Yu Jinsong, the general manager of Mahr Precision Metrology Suzhou, was proud that his company's sales volume last year had doubled, compared to figures from 2009. The growth was the largest among all of Mahr's global branches.

The German supplier of weight scales started its Suzhou factory early in 1999 and had witnessed average annual sales growing by 15 percent in the past 11 years, said Yu, who has worked with the company since it was established.

"Furthermore, we are expecting a 30 to 40 percent growth in sales this year," he added.

In response to a call for fair competition, China introduced a unified national tax system for domestic and foreign companies in December. This marked an end of a 30-year period of "super-national treatment" for foreign firms, which mainly involved preferential tax and land policies.
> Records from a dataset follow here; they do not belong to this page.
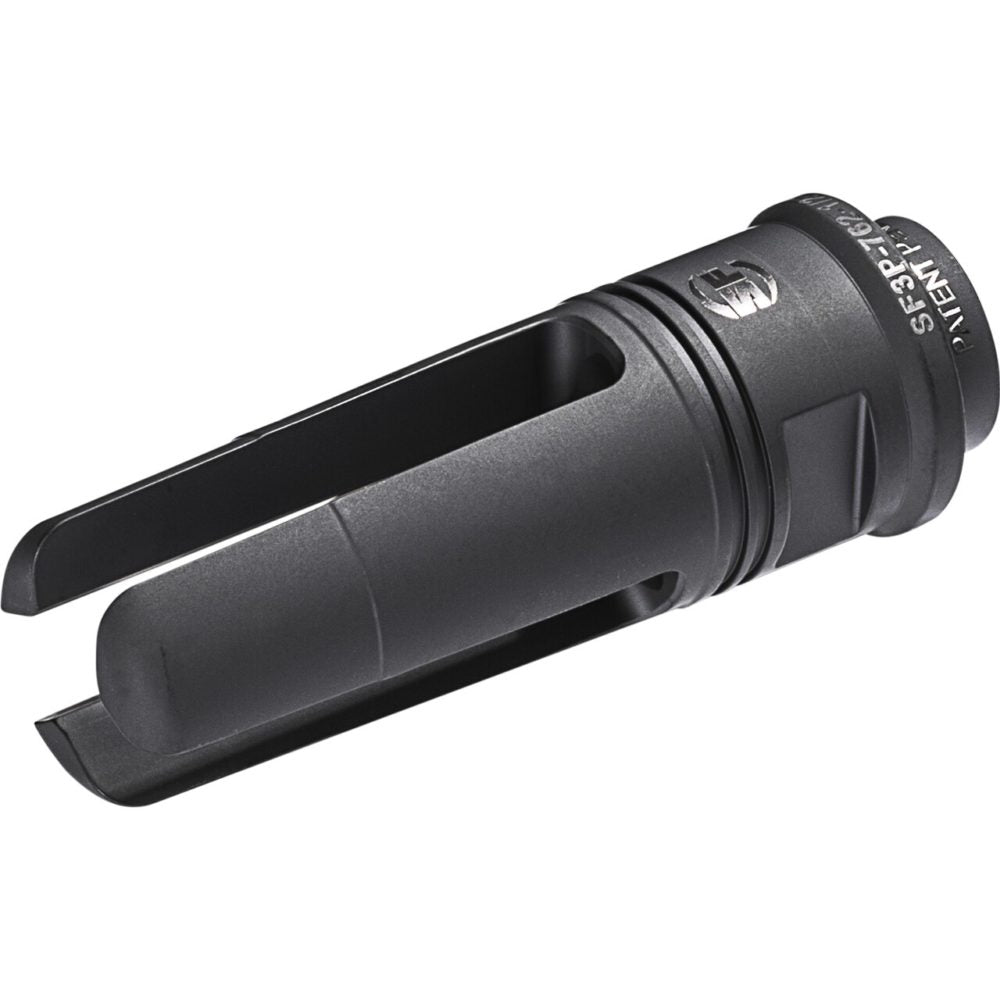 3-Prong QD Flash Hider 6.5mm 5/8x24 Thread SF3P-65-5/8-24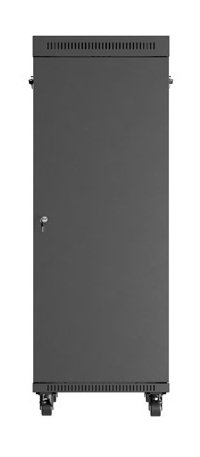 EAN 5901969446869 - Lanberg FF01-6032-12BL armario rack 32U Bastidor para instalación en suelo Negro imagen 13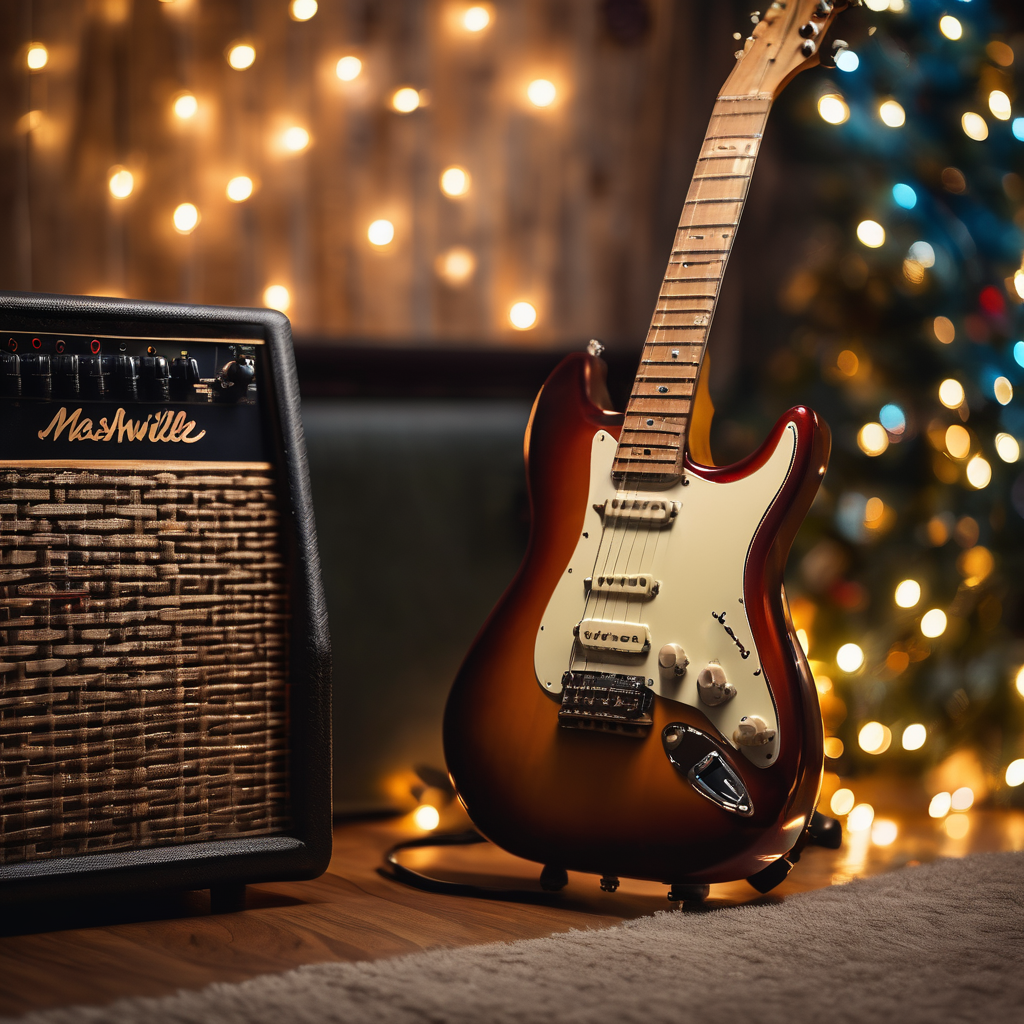 Bill Murray Fronts Blues-Rock Band Blood Brothers in NBC's Christmas in Nashville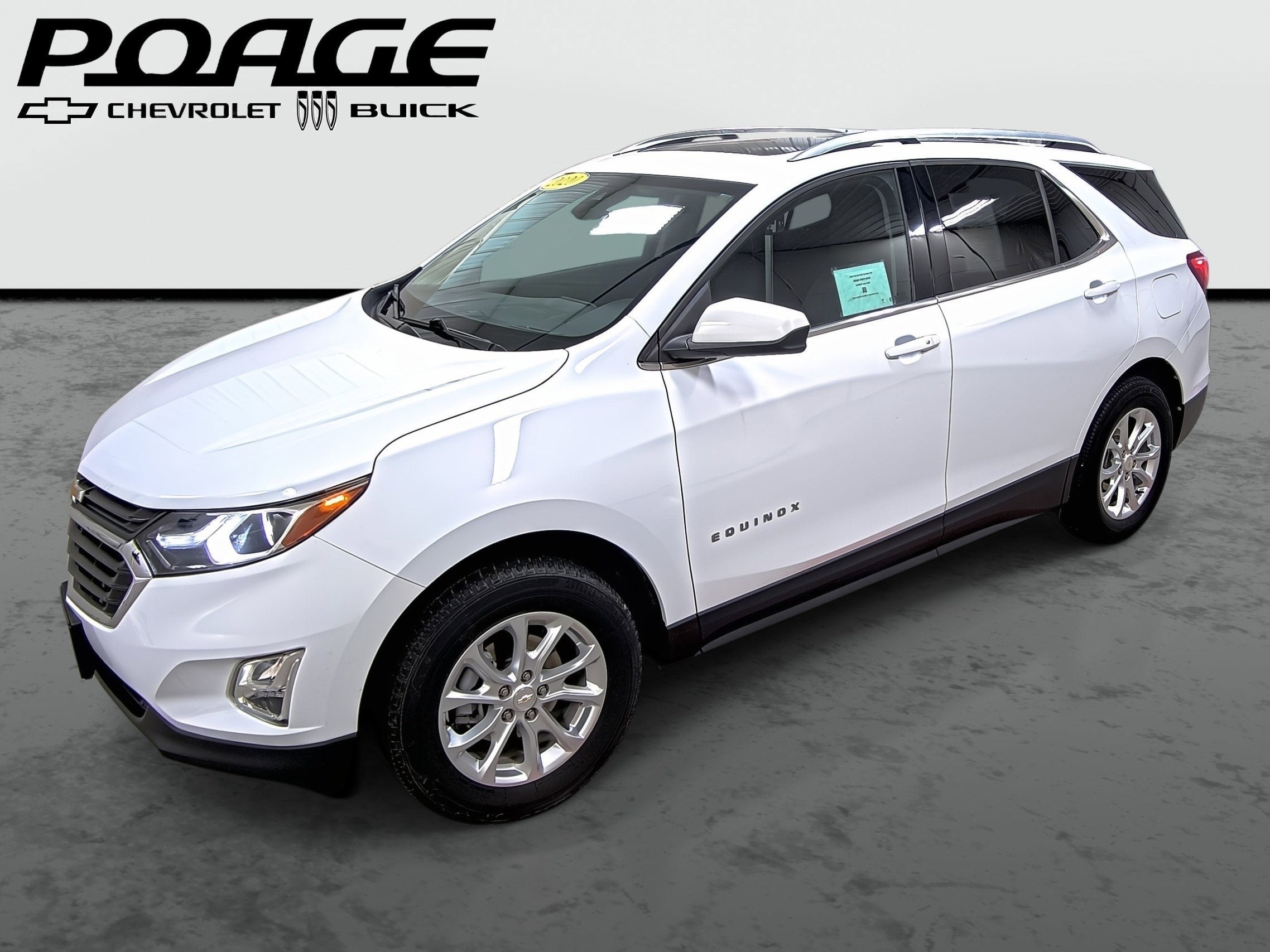 2020 Chevrolet Equinox LT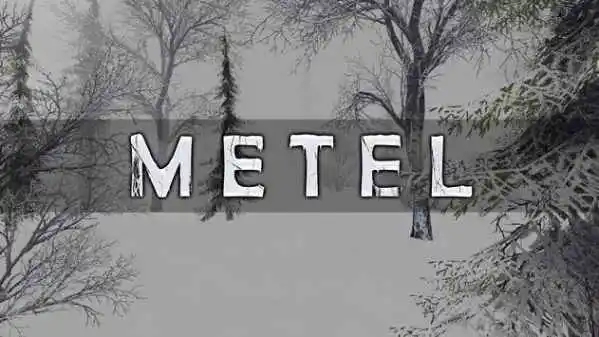 Metel恐怖逃脱中文版
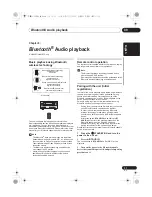 Preview for 31 page of Pioneer X-HM26 Operating Instructions Manual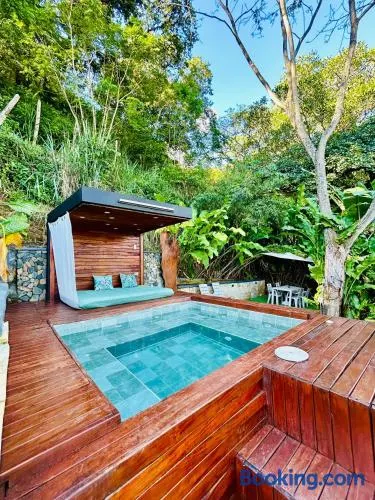 Cabaña Cedro Amarillo - Jacuzzi Grande Con Calefacción - Cerca a Medellín - Image 1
The move aroused worries that China might become less attractive for investment and that foreign firms might shift their focus to other countries because of the end of preferential policies and rising labor costs.

The changes did not seem to drive away investors. The measures have instead prompted expansion in manufacturing and processing, with investors building their Chinese subsidiaries into regional headquarters and research centers.

According to an annual business climate survey from the American Chamber of Commerce (AmCham-China) released last week, 83 percent of respondents are planning to increase their investment and expand operations in China this year, 4 percentage points higher from a year ago.

The survey, which interviewed 434 AmCham-China members, said that up to 85 percent of respondents reported increased revenue from their China operations in 2010.

"Contrary to the common notion that foreign companies come to China because of a cheap labor market and to export to the US and other markets, members consistently express a strong interest in breaking into the Chinese consumer market and serving the Chinese customer," said the survey report.

According to Yu, Mahr Metrology is planning to pay more attention to the Asian market. He adds that the Suzhou branch is expected to become the future Asian headquarters as the organization shifts its focus from measurement device manufacturing to sales and development.

"Ten years ago, we came to China for cheap labor, now it is no longer an attraction," he said.

Instead of low costs, the advantage that keeps foreign companies in the country include efficient government services and better facilities, he added.

Peter Voser, the chief executive of Royal Dutch Shell, said that the company sees China as one of the most attractive regions for investment in the world. He adds that local authorities are becoming more open and are able to attract foreign investment in sectors that need it most.

Meanwhile, the Chinese government is also expecting foreign enterprises to play a more active role in China's economic development.

Transforming economic development pattern did not mean that China would close its door to foreign enterprises, Commerce Minister Chen Deming said earlier this month during his speech at the 12th China Development Forum in Beijing.

It is only for fair market competition that China has rescinded preferential policies for foreign firms. China is treating both Chinese companies and foreign companies equally, Chen said.

Regarding issues that worry foreign enterprises, Chen promised that policies will be open and transparent to all enterprises regardless of innovation capabilities and government procurement.

Siemens CEO Peter Loescher said during the forum that it was exciting to be part of China's economic development and the innovation process. Currently, Siemens has 16 research and development centers in China, which contains more than 2,300 engineers who are working on over 1,000 patents each year.

Yu Jinsong said that even though intellectual property rights (IPR) infringements still occurred, he appreciates China's efforts in protecting these rights.

"Most IPR violation can be solved with professional legal services," he said.